The Colorado Supreme Court is weighing whether to bar Trump from appearing on the state ballot next year.

Former President Donald Trump yells to the crowd before delivering remarks during a campaign event on November 11, 2023, in Claremont, New Hampshire.

Lawyers for former President Donald Trump filed a brief with the Colorado state Supreme Court this week arguing that a constitutional provision that would disallow him from being able to run for the presidency again in 2024 should be ignored because, as they put it, he never made an oath, as president, to “support” the Constitution.

The argument is one of semantics, as the president of the United States is sworn in through a different oath than members of Congress or other government officials.

Article II of the U.S. Constitution requires presidents-elect to read an oath promising to “preserve, protect and defend” the document as they are being sworn into office.

Six residents in Colorado sued to have Trump barred from being able to appear on the state ballot next year as a candidate for president, citing Section 3 of the 14th Amendment — sometimes known as the insurrectionist clause — as their basis for doing so. That provision states that no person can be elected to any office within the United States if they have served in a position where they “previously [took] an oath … to support the Constitution” while subsequently engaging in “insurrection or rebellion” or giving aid or comfort to those who have engaged in such activities.

Because the language of the amendment says “support” rather than any of the words used in the presidential oath of office, Trump’s lawyers contend the provision doesn’t apply to him. The former president’s lawyers claim this difference in the language was “purposefully” created by the authors of the amendment.

“Section Three does not apply, because the presidency is not an office ‘under the United States,’ the president is not an ‘officer of the United States,’ and President Trump did not take an oath ‘to support the Constitution of the United States,'” Trump’s lawyers wrote in a brief to the state’s highest court.

Lawyers from the nonprofit watchdog organization Citizens for Responsibility and Ethics in Washington (CREW), who are representing the six residents in Colorado seeking to disqualify Trump from the ballot, argued differently in their brief to the state Supreme Court last week.

“The Constitution itself, historical context, and common sense, all make clear that the Fourteenth Amendment’s disqualification clause extends to the President and the Presidency,” CREW stated in its brief to the court, adding:

The Constitution explicitly tells us, over and over, that the Presidency is an “office.” The natural meaning of “officer of the United States” is anyone who holds a federal “office.” And the natural reading of “oath to support the Constitution” includes the stronger Presidential oath to “preserve, protect, and defend the Constitution.”

Other legal experts and scholars have also noted that the 14th Amendment’s insurrectionist clause should apply to Trump as well, based on his motivating a mob of his loyalists to attack the U.S. Capitol on January 6, 2021, and his apparent sanctioning of their actions for several hours after they had begun.
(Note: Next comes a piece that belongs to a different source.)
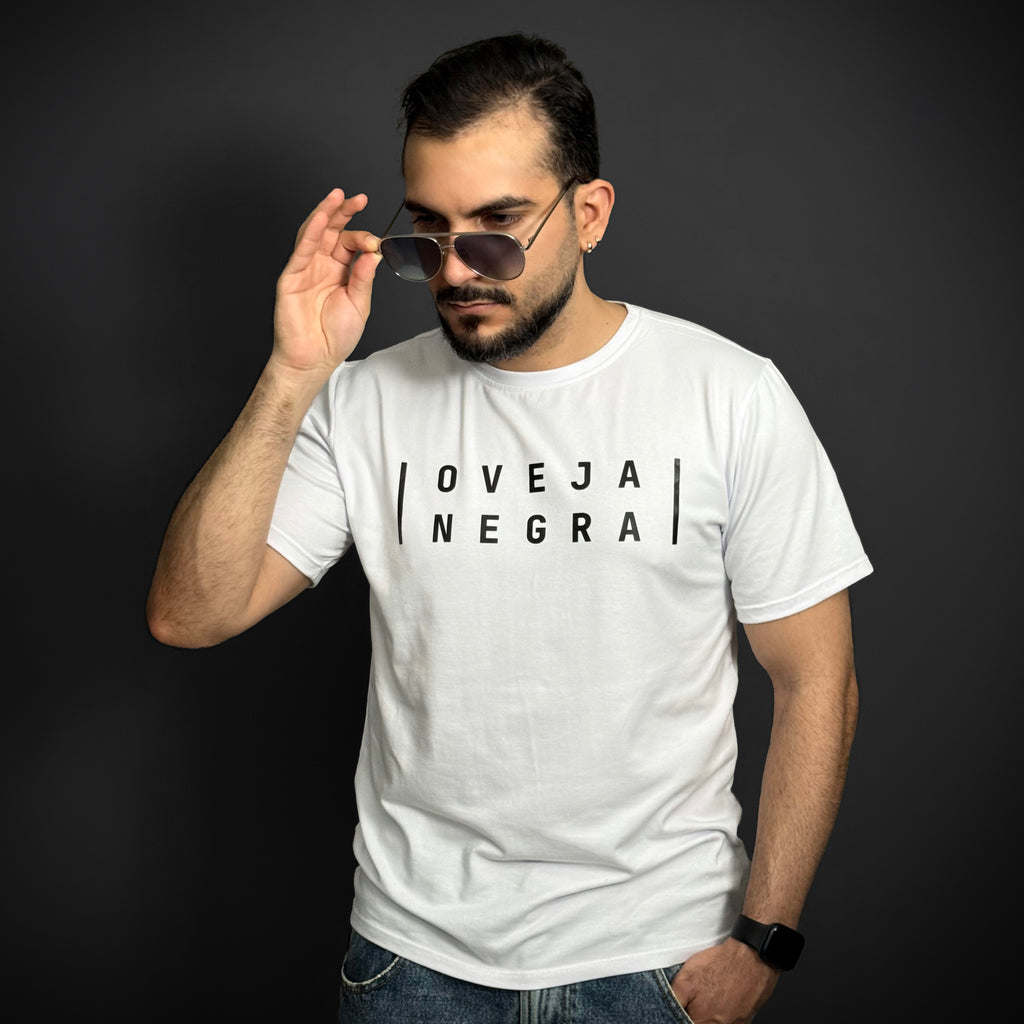 Identidad 01: La Oveja Negra | Athame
Trump’s other actions, including his leading a plot behind the scenes to usurp the outcome of the 2020 presidential election in order to illegitimately remain in office, also warrant barring him from running again.

“It’s an error to focus on JAN 6, for which Trump DENIES responsibility. It’s what he ADMITS — ATTEMPTING TO STAY IN POWER AFTER OFFICIALLY LOSING THE ELECTION — that DEFINES ‘insurrection against the Constitution of the United States,'” Laurence Tribe, Professor Emeritus at Harvard University, said on social media earlier this month.